April 2026 proved challenging for most Singapore investors.
Three STI index components demonstrated remarkable resilience. Yangzijiang Shipbuilding achieved the strongest performance with a 14% total return, followed by Singapore Exchange at 11.2% and UOL Group at 9.3%.
These blue-chip companies outperformed the benchmark index by more than 10 percentage points, highlighting their ability to thrive even during market contractions. The common factor among these outperformers was their release of earnings reports that translated operational success into enhanced shareholder returns.
Singapore Exchange
Singapore's exclusive market operator delivered consistent results that income investors value. For the first half of FY2026 ending June 30, the company reported net revenue of S$695.4 million, representing 7.6% year-on-year growth.

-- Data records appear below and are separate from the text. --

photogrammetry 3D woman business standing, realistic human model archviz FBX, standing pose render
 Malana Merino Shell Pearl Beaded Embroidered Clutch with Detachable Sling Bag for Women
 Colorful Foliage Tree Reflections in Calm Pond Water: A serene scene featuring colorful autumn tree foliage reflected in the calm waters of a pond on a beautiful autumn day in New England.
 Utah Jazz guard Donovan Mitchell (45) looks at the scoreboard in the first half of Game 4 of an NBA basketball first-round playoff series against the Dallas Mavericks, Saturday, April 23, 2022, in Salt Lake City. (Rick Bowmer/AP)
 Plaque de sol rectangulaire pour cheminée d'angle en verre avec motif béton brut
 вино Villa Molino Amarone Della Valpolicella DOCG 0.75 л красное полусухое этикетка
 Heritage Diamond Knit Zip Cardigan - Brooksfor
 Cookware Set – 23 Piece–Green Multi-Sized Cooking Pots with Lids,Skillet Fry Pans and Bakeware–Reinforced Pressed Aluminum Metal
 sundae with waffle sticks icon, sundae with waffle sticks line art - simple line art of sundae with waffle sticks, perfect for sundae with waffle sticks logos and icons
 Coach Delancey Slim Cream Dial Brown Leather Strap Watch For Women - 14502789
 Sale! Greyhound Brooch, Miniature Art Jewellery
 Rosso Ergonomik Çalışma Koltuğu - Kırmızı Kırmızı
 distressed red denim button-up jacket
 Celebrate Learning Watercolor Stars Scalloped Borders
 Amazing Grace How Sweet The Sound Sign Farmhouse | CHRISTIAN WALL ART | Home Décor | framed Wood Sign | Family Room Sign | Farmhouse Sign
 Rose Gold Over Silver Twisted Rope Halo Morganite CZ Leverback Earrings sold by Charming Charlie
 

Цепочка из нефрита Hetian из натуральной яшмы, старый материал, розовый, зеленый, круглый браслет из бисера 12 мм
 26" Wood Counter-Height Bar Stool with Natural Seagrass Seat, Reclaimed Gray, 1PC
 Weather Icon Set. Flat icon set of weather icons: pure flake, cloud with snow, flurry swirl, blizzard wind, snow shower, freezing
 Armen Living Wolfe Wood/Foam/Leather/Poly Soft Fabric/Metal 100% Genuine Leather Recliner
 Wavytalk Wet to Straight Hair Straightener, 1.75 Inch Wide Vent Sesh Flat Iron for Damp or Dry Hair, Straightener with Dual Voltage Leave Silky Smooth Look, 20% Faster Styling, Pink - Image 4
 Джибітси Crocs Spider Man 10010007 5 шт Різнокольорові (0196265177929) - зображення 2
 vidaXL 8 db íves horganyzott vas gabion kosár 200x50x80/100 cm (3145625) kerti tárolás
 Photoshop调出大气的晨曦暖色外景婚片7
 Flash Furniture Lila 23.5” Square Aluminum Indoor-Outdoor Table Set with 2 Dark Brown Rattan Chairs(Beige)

The Equities-Cash division led this expansion with a 16.2% increase to S$223.9 million, driven by a 19.5% rise in daily average traded value. The Fixed Income, Currencies and Commodities segment also contributed significantly, growing 12.5% to S$178.9 million due to increased OTC FX and derivatives volumes.
While reported net profit appeared stagnant at S$342.7 million, this was primarily due to a S$15 million goodwill impairment. Excluding this one-time item, adjusted net profit increased 11.6% to S$357.1 million. Operating cash flow remained strong at S$363.7 million for the half-year period.
The company declared an interim quarterly dividend of S$0.110, bringing total first-half dividends to S$0.2175, up from S$0.180 previously. Management reaffirmed its commitment to maintaining quarterly dividend increases through FY2028.
UOL Group
UOL Group delivered one of the season's strongest operational performances, with shareholders receiving substantial rewards. FY2025 revenue increased 16% to S$3.2 billion, driven by a 26% surge in property development revenue from projects including Pinetree Hill and Watten House.
Property investment income grew 13% to S$629.3 million, supported by recent acquisitions and improved performance at Singapore Land Tower. Operating profit after tax and minority interests jumped 49% to S$468.7 million, while free cash flow nearly doubled to S$1.2 billion.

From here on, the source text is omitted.